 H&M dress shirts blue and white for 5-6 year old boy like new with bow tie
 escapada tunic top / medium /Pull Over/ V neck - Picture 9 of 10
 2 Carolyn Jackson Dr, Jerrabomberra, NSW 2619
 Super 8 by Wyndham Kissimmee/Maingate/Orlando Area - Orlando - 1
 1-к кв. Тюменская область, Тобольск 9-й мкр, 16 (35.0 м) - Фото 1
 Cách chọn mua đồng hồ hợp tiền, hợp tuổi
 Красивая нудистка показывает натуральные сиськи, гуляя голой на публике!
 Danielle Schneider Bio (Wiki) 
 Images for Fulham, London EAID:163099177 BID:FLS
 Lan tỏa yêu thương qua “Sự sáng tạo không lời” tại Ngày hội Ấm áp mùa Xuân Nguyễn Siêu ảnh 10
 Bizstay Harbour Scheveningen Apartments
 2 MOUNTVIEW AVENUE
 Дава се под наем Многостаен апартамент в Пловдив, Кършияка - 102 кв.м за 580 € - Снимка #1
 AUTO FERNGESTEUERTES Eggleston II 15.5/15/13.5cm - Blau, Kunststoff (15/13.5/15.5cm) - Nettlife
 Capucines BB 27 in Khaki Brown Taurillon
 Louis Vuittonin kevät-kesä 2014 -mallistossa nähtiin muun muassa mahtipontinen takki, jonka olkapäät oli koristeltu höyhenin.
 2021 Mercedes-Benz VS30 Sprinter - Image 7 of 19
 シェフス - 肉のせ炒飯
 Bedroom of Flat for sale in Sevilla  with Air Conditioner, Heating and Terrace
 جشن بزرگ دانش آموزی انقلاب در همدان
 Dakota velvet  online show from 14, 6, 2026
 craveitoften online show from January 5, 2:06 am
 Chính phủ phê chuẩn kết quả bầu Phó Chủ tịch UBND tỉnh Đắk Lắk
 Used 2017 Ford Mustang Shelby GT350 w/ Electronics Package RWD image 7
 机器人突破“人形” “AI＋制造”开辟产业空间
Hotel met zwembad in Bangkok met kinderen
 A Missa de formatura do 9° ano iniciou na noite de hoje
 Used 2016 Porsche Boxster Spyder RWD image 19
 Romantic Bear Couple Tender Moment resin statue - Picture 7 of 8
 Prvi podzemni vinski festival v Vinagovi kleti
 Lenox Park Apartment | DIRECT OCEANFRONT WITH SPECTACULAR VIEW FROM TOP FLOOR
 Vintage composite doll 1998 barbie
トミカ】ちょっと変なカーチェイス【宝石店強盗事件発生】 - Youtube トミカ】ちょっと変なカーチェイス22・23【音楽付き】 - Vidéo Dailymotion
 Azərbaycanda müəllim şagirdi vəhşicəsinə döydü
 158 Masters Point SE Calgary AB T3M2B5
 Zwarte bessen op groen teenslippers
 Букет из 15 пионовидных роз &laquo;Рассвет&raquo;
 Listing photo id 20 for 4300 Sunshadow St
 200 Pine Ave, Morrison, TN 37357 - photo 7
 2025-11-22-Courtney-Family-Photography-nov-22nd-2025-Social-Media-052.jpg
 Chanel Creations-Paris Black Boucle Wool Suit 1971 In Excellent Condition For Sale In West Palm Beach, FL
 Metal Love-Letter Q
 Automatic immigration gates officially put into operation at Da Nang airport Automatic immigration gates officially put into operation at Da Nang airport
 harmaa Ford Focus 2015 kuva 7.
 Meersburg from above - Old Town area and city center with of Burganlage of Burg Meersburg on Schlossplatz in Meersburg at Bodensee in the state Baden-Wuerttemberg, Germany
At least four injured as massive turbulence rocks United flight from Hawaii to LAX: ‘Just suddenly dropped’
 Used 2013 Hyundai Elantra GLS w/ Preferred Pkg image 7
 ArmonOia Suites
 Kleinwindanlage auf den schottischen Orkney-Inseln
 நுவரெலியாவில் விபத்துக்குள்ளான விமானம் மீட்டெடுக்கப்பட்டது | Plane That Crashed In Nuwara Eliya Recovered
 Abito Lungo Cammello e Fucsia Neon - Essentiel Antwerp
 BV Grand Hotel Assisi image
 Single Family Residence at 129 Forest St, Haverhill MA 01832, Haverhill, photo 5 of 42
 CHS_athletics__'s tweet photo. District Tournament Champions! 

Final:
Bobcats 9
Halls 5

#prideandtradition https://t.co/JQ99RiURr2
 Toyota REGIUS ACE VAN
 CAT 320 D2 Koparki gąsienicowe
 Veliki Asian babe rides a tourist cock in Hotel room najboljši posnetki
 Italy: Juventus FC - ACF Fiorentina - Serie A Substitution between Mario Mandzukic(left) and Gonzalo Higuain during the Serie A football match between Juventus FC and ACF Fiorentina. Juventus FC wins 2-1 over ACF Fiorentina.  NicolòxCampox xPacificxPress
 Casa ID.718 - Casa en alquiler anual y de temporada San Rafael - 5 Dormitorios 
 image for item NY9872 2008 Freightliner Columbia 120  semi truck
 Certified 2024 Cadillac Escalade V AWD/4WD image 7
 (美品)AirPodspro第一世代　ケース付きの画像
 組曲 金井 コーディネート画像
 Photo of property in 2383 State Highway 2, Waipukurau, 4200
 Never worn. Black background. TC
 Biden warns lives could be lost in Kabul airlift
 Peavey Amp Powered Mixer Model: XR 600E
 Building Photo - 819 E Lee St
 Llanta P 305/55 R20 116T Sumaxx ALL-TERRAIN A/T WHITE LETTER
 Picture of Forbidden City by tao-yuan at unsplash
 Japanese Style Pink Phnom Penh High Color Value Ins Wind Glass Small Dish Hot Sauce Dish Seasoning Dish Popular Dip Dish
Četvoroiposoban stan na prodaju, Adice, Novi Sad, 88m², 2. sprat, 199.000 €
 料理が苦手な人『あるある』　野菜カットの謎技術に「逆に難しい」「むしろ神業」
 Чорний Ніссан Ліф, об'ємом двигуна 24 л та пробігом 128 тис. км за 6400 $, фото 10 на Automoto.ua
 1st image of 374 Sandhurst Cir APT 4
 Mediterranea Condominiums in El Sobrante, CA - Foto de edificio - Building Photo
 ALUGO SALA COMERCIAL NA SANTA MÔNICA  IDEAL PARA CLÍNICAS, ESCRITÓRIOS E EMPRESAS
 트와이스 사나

> [TASK TO CARRY OUT]: Every line in the data that holds the string "Used" should be returned.

> [WRITTEN ANSWER]:
 Used 2017 Ford Mustang Shelby GT350 w/ Electronics Package RWD image 7
 Used 2016 Porsche Boxster Spyder RWD image 19
 Used 2013 Hyundai Elantra GLS w/ Preferred Pkg image 7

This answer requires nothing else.